Queensland’s major tourism sector was dudded and offered “no hope” in the Federal Budget, with operators claiming the ongoing spectre of an Australia closed off to the rest of the world for another year and limited assistance for businesses meant the industry would continue to struggle.

May 12, 2021, updated May 12, 2021
 Daniel Gschwind wil head Trade and Investment Queensland (ABC photo).

Daniel Gschwind wil head Trade and Investment Queensland (ABC photo).

Queensland Tourism Industry Council chief executive Daniel Gschwind said it was “hard to find the highlights” for tourism operators in the Budget.

“The tourism industry has certainly been the first into the crisis and will probably the last out of this crisis,” Gschwind said.

Gold Coast Mayor Tom Tate said the Budget offered tourism, the city’s major economic driver, no hope.

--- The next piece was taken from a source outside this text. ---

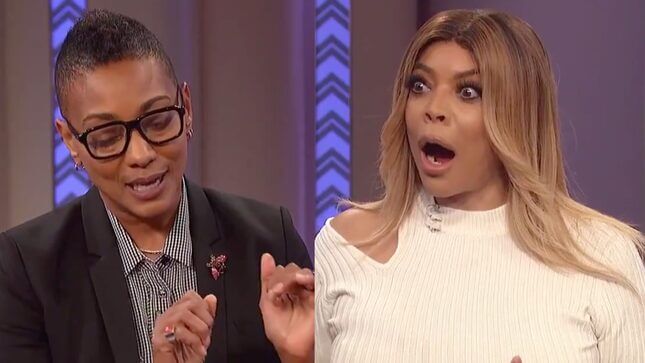 Whitney Houston, Robyn Crawford, and Wendy Williams Walk Into an Alley…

Tate, who had been cautiously upbeat as domestic tourists started flooding back into the holiday playground including more than 410,000 domestic arrivals through the Gold Coast Airport in April, said the Budget was a missed opportunity to help the struggling sector.

“We want hope,” Tate said.

“The Treasurer could have said we are working towards when the international borders will open, we will assist and help with travel arrangements like business travel enhancement and Austrade could be funded a lot more.

“He didn’t go there and say we are really going to come back bigger and better on tourism, and that’s a missed opportunity.”

Tate said the federal government’s earlier delivery of a $1.2 billion support package for the tourism and aviation sector, including 800,000 half-priced air fares, wasn’t enough.

“Australia is one of the highest tourist destinations. There’s a yearning to come to Australia and we’ve got to capitalise on that and really get on the front foot,” he said.

Treasurer Josh Frydenberg told the ABC’s 7.30 that the assumptions in the Budget that international travel would remain low through to mid-2022 then start “a gradual recovery” were “cautious”.

But Executive Director of the Australian Tourism Industry Council, Simon Westaway, said the uncertainty would cause further devastation for the sector.
“The federal budget outlooks indicate no foreseeable international market recovery for Australia’s visitor economy, and this sadly spells further tourism business and job losses,” he said.

Tourism and Transport Forum chief Margy Osmond echoed Queensland operators’ concerns saying the sector needed a roadmap on plans to open up.
“To say the middle of next year – it just doesn’t cut it,” she told The Sydney Morning Herald and The Age.